Around the same period of time, dynamic load balancing technique, using Stop At Rise (SAR) [66], which compares the cost of re-mapping the decomposition with the cost of not re-mapping, based on a degradation function, was used in conjunction with the parallel implementation of the DSM C method [60, 62]. In the study [60], they used a runtime library, CHAOS, for data communication and data structure manipulation on a structured mesh. Results show that it yields faster execution times than the scalar code, although only 25% of parallel efficiency is achieved for 64 processors. LeBeau [67]

reported that parallel efficiency up to 90% is achieved for 128 processors for the flow over a sphere. It is not clear how they implemented the dynamic load balancing, although they did mention they have used the concept of heat diffusion [65]. In LeBeau's study [67], surface geometry is discretized using an unstructured triangular grid representation. A two-level embedded Cartesian grid is employed for the discretization of the computational domain.
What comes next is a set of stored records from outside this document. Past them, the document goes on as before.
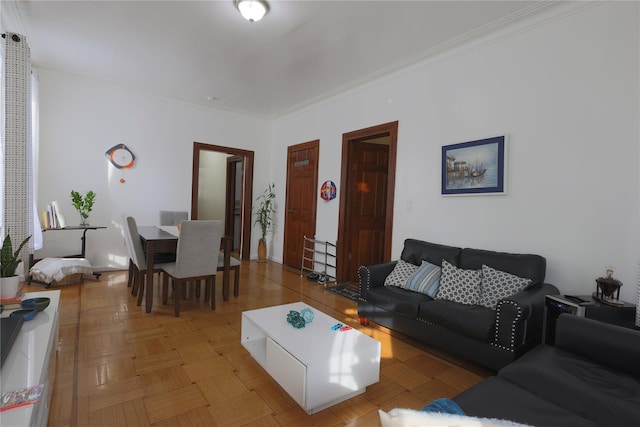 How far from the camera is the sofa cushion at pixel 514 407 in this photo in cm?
125

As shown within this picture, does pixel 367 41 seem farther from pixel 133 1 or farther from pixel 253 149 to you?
pixel 253 149

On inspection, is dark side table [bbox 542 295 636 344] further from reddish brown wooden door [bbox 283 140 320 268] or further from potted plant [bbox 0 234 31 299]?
potted plant [bbox 0 234 31 299]

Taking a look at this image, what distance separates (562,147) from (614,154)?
33 centimetres

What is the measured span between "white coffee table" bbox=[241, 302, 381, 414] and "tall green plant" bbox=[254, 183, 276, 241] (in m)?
4.05

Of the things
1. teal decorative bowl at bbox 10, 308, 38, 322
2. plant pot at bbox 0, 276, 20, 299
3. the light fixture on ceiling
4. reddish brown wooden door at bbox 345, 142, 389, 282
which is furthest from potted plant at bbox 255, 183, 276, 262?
teal decorative bowl at bbox 10, 308, 38, 322

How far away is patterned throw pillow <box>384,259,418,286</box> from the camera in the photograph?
10.3ft

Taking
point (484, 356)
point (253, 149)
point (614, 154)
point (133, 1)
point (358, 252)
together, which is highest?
point (133, 1)

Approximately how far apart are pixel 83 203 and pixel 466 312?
499cm

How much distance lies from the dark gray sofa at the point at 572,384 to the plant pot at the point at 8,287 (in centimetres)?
272

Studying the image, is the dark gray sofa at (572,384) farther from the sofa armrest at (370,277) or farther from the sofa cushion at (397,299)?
the sofa armrest at (370,277)

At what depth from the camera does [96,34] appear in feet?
11.0

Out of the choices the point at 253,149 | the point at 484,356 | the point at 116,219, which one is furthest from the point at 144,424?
the point at 253,149

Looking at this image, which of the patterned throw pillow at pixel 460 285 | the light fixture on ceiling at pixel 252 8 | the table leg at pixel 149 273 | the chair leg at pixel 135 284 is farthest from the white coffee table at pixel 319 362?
the light fixture on ceiling at pixel 252 8

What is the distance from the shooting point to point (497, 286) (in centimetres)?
256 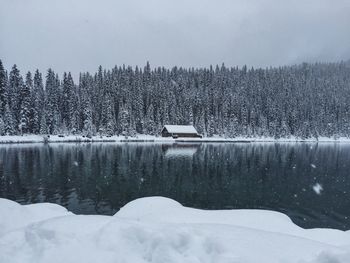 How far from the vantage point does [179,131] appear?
4663 inches

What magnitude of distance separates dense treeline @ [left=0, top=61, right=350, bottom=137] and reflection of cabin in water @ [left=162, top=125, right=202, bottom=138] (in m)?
4.45

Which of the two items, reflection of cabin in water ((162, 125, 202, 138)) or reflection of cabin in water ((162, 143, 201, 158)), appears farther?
reflection of cabin in water ((162, 125, 202, 138))

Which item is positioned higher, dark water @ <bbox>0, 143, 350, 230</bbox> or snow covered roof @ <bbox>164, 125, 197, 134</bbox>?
snow covered roof @ <bbox>164, 125, 197, 134</bbox>

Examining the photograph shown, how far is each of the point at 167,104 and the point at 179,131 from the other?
55.8 ft

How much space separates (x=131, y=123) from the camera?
11275cm

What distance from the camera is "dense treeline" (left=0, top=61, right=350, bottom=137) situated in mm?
98125

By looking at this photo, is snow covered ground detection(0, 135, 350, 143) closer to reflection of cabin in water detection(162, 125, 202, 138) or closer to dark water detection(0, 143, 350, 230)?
reflection of cabin in water detection(162, 125, 202, 138)

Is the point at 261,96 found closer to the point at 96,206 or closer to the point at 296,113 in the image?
the point at 296,113

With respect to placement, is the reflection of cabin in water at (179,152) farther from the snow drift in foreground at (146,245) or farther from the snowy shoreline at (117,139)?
the snow drift in foreground at (146,245)

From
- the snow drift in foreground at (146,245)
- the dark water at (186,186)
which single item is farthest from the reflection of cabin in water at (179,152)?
the snow drift in foreground at (146,245)

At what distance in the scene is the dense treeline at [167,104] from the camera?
98.1 meters

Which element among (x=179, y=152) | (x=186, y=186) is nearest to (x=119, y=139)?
(x=179, y=152)

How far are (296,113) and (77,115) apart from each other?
11155 centimetres

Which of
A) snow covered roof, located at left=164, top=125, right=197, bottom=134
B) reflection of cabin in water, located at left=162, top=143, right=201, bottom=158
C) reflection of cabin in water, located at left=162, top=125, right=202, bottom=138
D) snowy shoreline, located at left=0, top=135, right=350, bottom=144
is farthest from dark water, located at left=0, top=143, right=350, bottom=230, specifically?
snow covered roof, located at left=164, top=125, right=197, bottom=134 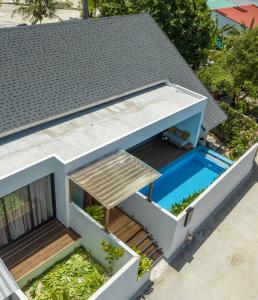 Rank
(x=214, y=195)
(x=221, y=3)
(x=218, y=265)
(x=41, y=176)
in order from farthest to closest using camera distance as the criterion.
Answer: (x=221, y=3)
(x=214, y=195)
(x=218, y=265)
(x=41, y=176)

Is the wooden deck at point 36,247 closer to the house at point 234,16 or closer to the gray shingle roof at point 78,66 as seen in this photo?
the gray shingle roof at point 78,66

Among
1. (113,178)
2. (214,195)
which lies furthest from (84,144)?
(214,195)

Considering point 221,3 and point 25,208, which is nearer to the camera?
point 25,208

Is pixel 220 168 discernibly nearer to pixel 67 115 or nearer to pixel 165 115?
pixel 165 115

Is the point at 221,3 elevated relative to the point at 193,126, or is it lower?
elevated

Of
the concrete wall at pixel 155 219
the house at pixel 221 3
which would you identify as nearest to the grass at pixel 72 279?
the concrete wall at pixel 155 219

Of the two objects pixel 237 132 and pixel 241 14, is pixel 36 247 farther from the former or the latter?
pixel 241 14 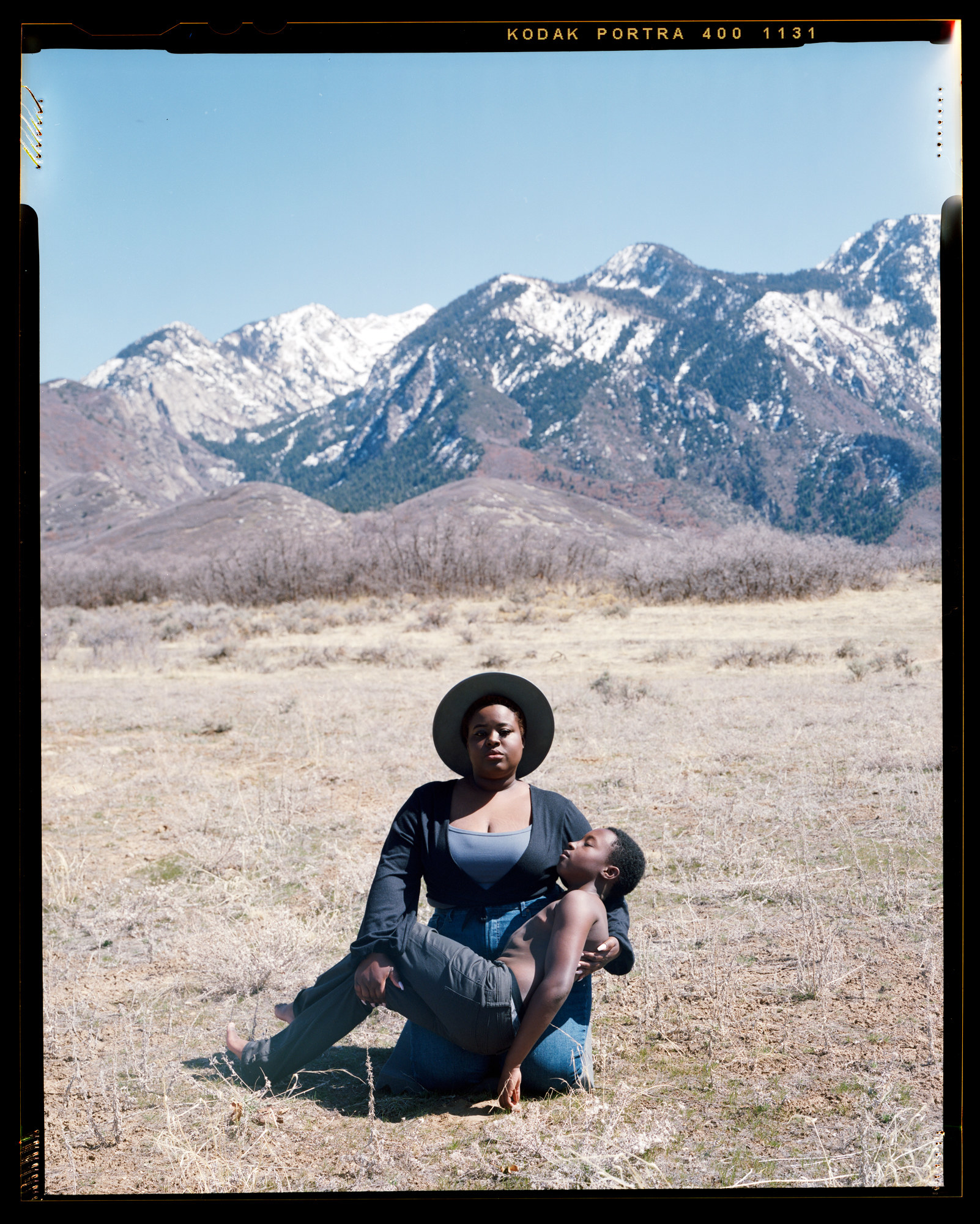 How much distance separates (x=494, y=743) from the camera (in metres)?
3.04

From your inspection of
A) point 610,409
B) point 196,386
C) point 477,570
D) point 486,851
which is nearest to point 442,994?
point 486,851

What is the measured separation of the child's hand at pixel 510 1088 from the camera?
302 centimetres

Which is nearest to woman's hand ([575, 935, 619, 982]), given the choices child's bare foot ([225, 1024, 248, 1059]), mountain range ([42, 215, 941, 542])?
child's bare foot ([225, 1024, 248, 1059])

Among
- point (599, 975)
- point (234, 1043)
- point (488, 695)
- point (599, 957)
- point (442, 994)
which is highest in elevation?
point (488, 695)

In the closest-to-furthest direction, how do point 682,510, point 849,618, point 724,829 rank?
point 724,829, point 849,618, point 682,510

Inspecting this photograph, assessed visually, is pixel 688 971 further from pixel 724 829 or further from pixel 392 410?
pixel 392 410

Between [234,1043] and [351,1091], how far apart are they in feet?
1.52

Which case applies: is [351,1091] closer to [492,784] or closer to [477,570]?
[492,784]

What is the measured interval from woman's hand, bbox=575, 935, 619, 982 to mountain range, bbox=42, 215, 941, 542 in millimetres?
39939

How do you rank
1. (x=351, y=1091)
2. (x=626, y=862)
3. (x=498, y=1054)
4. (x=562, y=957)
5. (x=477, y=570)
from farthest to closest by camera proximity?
1. (x=477, y=570)
2. (x=351, y=1091)
3. (x=498, y=1054)
4. (x=626, y=862)
5. (x=562, y=957)

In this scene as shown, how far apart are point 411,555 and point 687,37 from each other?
34.4 m

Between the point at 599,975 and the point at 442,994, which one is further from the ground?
the point at 442,994

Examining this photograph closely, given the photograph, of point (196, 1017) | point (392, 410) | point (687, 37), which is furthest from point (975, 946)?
point (392, 410)

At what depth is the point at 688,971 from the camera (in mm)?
4332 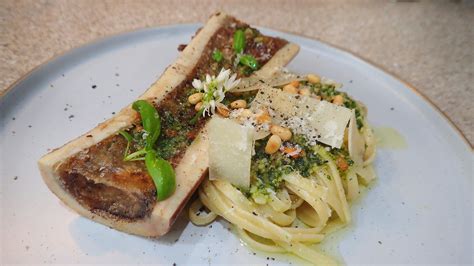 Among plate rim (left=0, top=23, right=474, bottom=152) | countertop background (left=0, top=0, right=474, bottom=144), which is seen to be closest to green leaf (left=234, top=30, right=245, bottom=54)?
plate rim (left=0, top=23, right=474, bottom=152)

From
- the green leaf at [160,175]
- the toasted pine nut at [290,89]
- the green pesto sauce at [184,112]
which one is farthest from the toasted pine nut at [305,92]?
the green leaf at [160,175]

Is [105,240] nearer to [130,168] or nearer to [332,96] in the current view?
[130,168]

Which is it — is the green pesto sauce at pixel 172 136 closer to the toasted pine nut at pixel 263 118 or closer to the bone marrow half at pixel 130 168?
the bone marrow half at pixel 130 168

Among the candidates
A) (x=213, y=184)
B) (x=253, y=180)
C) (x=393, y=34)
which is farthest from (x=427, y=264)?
(x=393, y=34)

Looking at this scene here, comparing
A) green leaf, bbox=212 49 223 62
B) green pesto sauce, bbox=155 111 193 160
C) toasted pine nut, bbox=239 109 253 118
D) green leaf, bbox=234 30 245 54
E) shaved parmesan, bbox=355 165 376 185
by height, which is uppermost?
green leaf, bbox=234 30 245 54

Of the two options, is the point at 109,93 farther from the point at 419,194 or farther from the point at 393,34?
the point at 393,34

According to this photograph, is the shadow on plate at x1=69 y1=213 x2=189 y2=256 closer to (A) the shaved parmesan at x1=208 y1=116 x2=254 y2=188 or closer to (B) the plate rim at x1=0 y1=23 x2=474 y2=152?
(A) the shaved parmesan at x1=208 y1=116 x2=254 y2=188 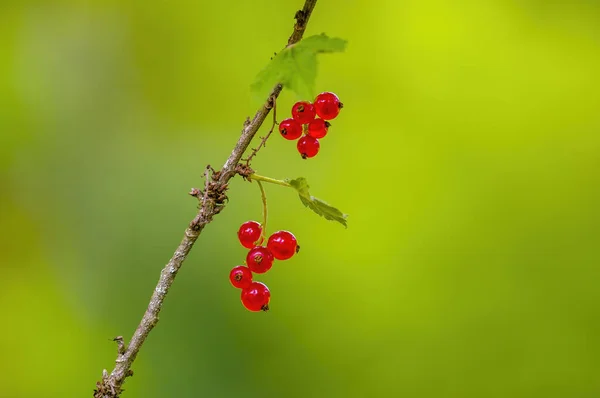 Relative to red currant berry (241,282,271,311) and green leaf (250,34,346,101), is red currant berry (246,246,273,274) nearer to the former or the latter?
red currant berry (241,282,271,311)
In summary, studies about DSM C using both purely unstructured mesh and dynamic domain decomposition were relatively few in the past [24-26], although using unstructured mesh exhibits higher flexibility in handling objects with complicated geometry and boundary conditions. Robinson [24-26] has been the first to develop a heuristic, diffusive, hybrid graph-geometric, localized, concurrent scheme, ADDER, for repartitioning the domain on an unstructured mesh. Dramatic increase of parallel efficiency was reported as compared with that of static domain decomposition. However, Robinson [24-26] has shown that the parallel efficiency begins to fall dramatically as the number of processors increases to some extent due to the large runtime of the repartitioning the domain relative to the DSM C computation. Thus, the utilization of a more efficient repartitioning runtime library is essential to improve the performance of a parallel DSM C method.

Based on previous reviews, the development of the parallel DSM C method has not taken the advantage of the great success in graph partition. Considering the nature of DSM C, a truly dynamic domain decomposition technique is required because the load (approximately proportional to the particle numbers) in each sub-domain changes frequently, especially during the transient period of simulation. However, such implementation is definitely not an easy task to accomplish.